The Future of YIMBYism
I think YIMBYism has reached a point that it’s close to being viewed as the mainstream position in urbanism now. YIMBY policies, like eliminating single family residential zoning, are working their way through state legislatures across the country.
Of course, there will be winners and losers as YIMBYism spreads. First, perhaps unsurprisingly, I view coastal cities as benefitting the most. The YIMBY movement formed there and developed as a response to coastal city challenges. I see YIMBYism as a way to make already strong cities become more available and affordable to more people. Rust Belt cities might be a mixed lot. YIMBYism can result in better-designed and developed Rust Belt cities than we have now, but demand has to increase to see positive things happen. The cities I’m most concerned about in this context would be in the Sun Belt. It’s conceivable that Sun Belt cities have had strong growth for so long that its leaders will believe it will stay that way.

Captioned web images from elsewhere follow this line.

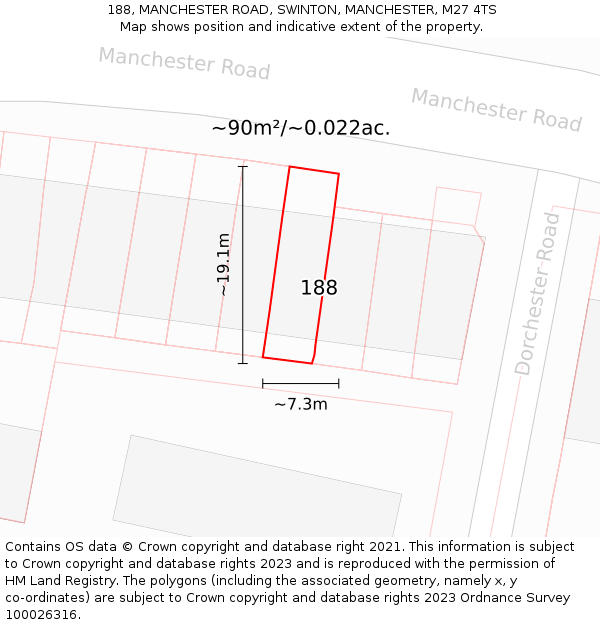 188, MANCHESTER ROAD, SWINTON, MANCHESTER, M27 4TS: Plot and title map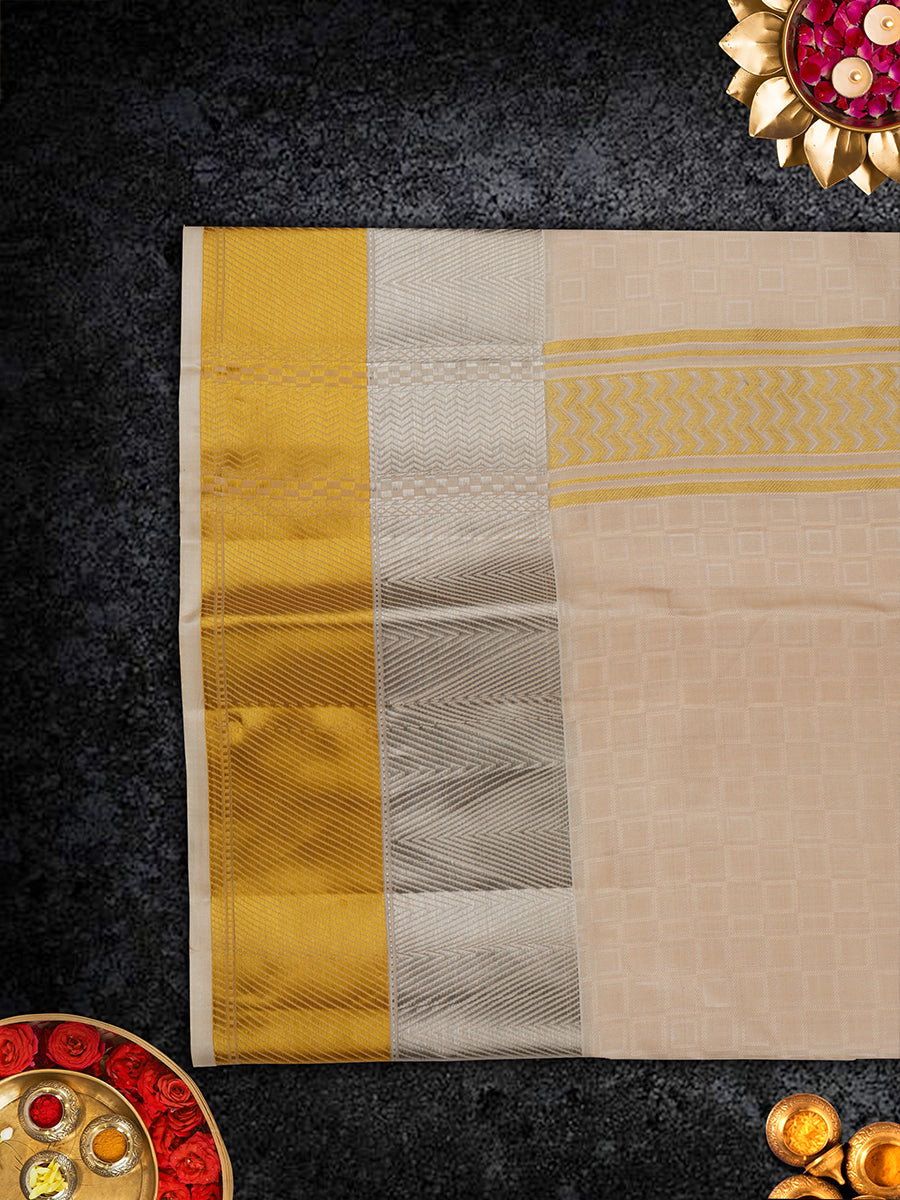 Pure Silk Dark Cream 3" Gold & Siver Jari Border Dhoti With Towel Thirukalyan-view two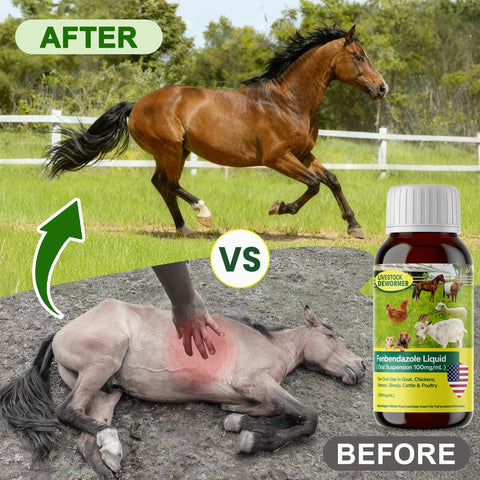 Bingbrofam dewormer being mixed with water for simple administration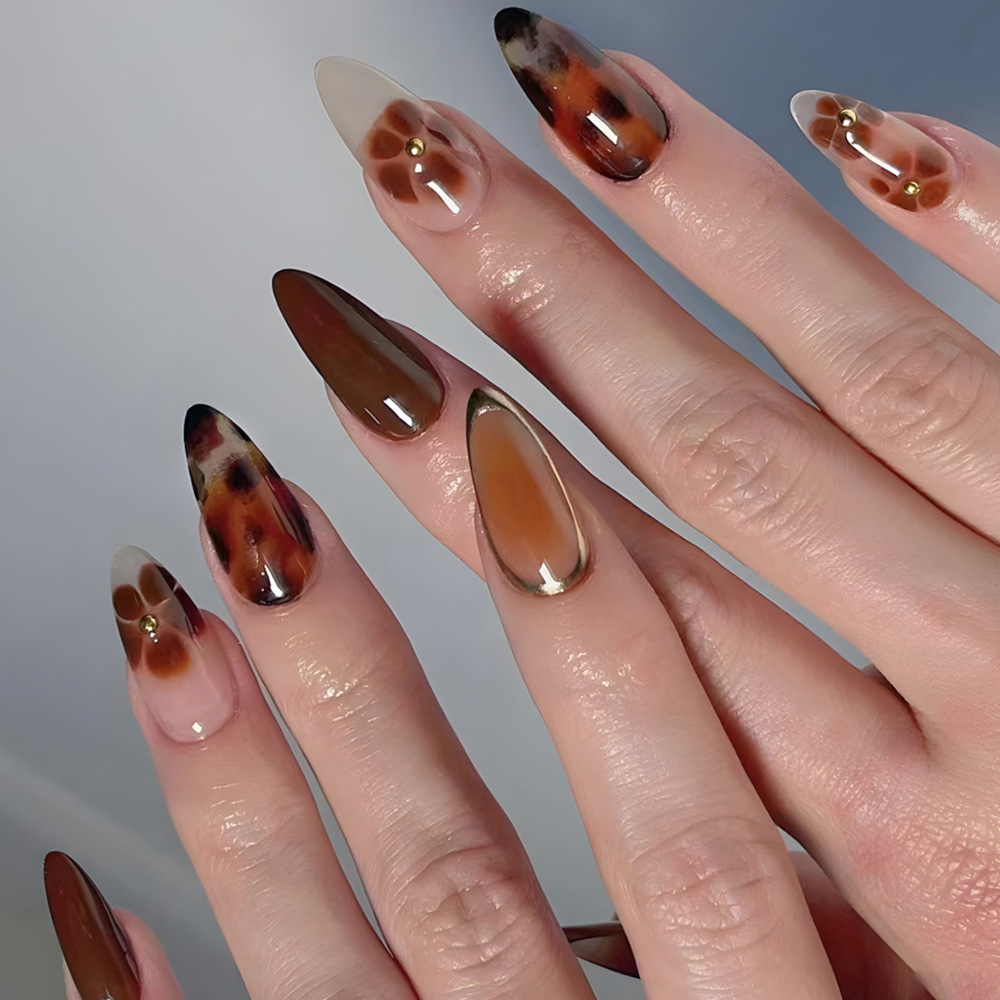 24pcs Kuku Palsu Fashion Berhi - Nail Extension Tips ulasan dan harga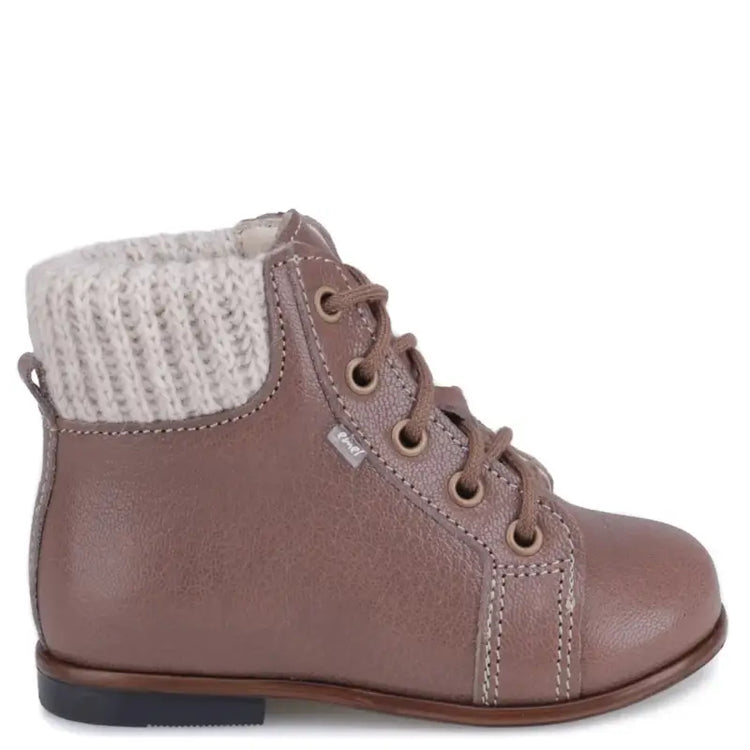 Brown leather boot with knit cuff on a white background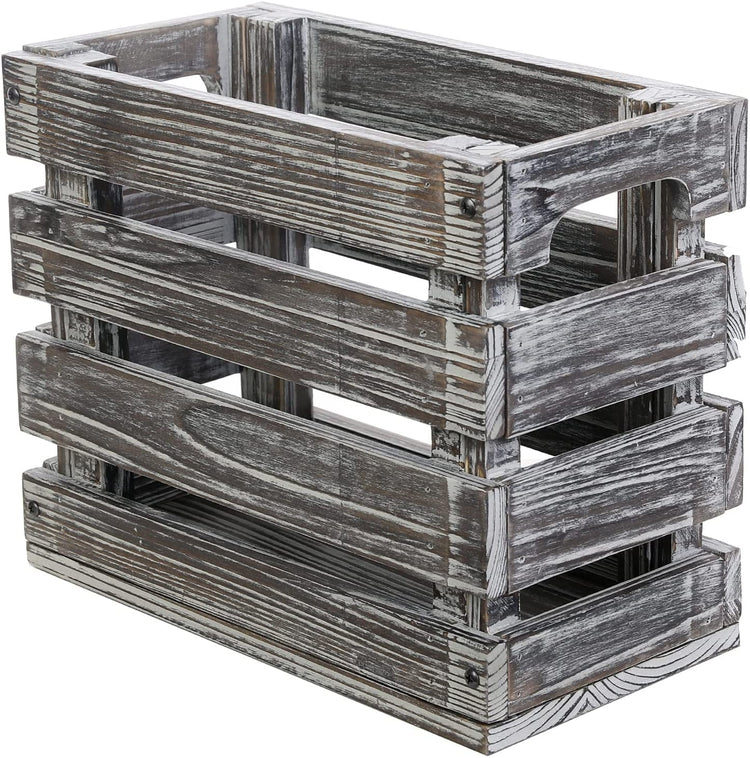 Torched Wood Magazine Holder Bathroom Storage Organizer Basket Crate with Cutout Handles-MyGift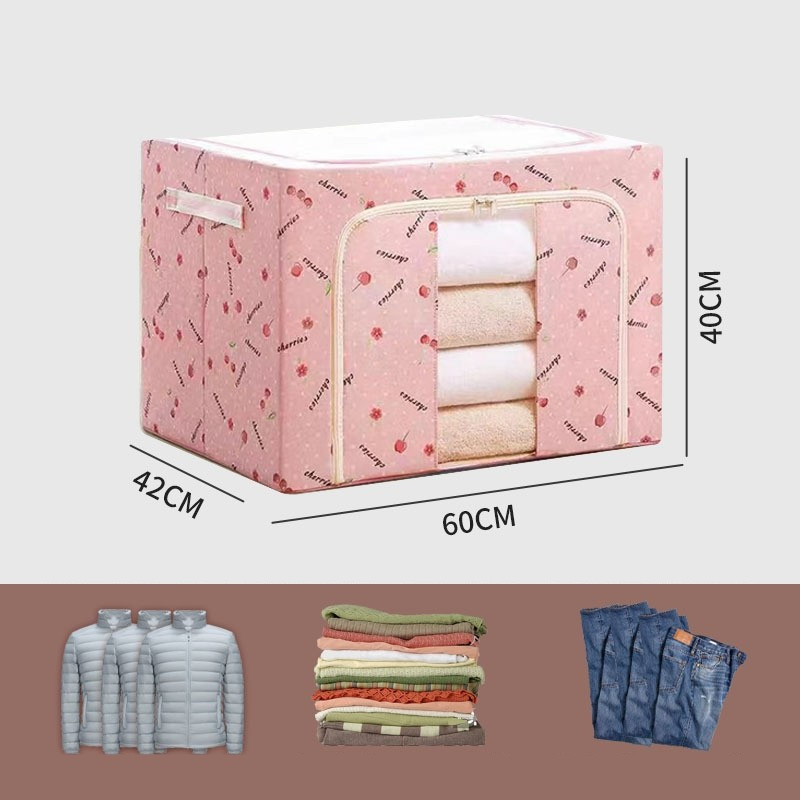 Cutie de depozitare pliabila cu fermoar, 100 litri, material textil, 60 X 42 X 40 cm, imprimeu cirese rosii — 3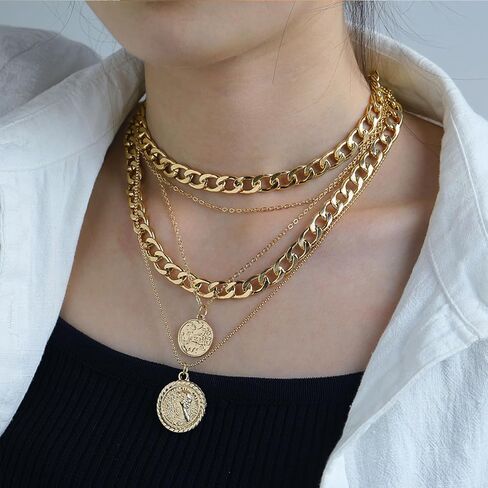 Atiptu Vintage Pirate Necklace for Women Chunky Layered Link Chain Choker Coin Necklaces Punk 80s 90s Necklace Pirate Jewelry for Women Men Prom Costume in Saudi Arabia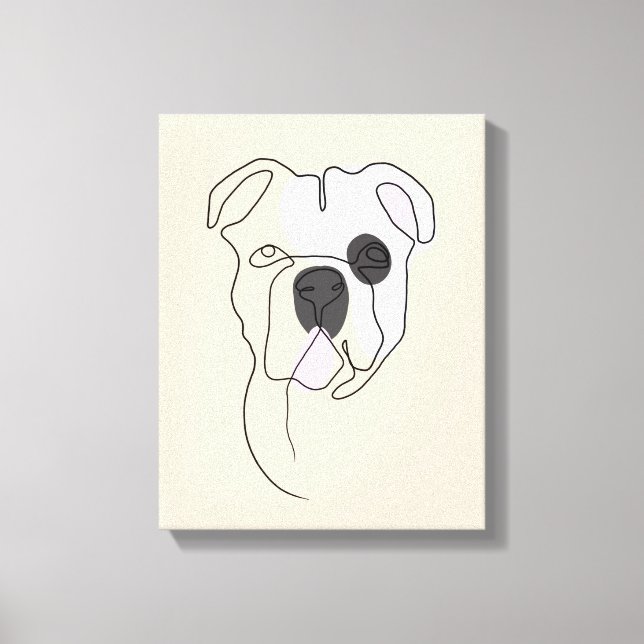 Dog One Line Drawing with Colour Canvas Print (Front)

If any of them are unknowingly at the end of a high-growth phase, just as 1950’s Rust Belt cities were as the suburbs and Sun Belt began their boom, there could be real problems.
But, just as suburban expansion that began 75 years ago resulted in widely varying results nationwide, I envision the same happening with YIMBYism as well. The differing results come from unexpected or unanticipated changes in demographics. For example, no one in 1955 really foresaw the population peak and decline in Rust Belt metros, and had no idea of what the impact would be. Just as no one really understood the impact of downzoning multifamily residential districts in cities into single family districts in the ‘70s and ‘80s, so they could compete with the booming suburbs.
We’ve already witnessed the impact of a demand for smaller households on our housing inventory. We’re acknowledging and preparing for the increasing number of seniors in the population, and their housing needs. But what of continually falling birth rates? Our federal government’s failure to act on immigration reform? The likelihood that climate change produces some form of climate-induced migration?
It’s the unknown unknowns that worry me.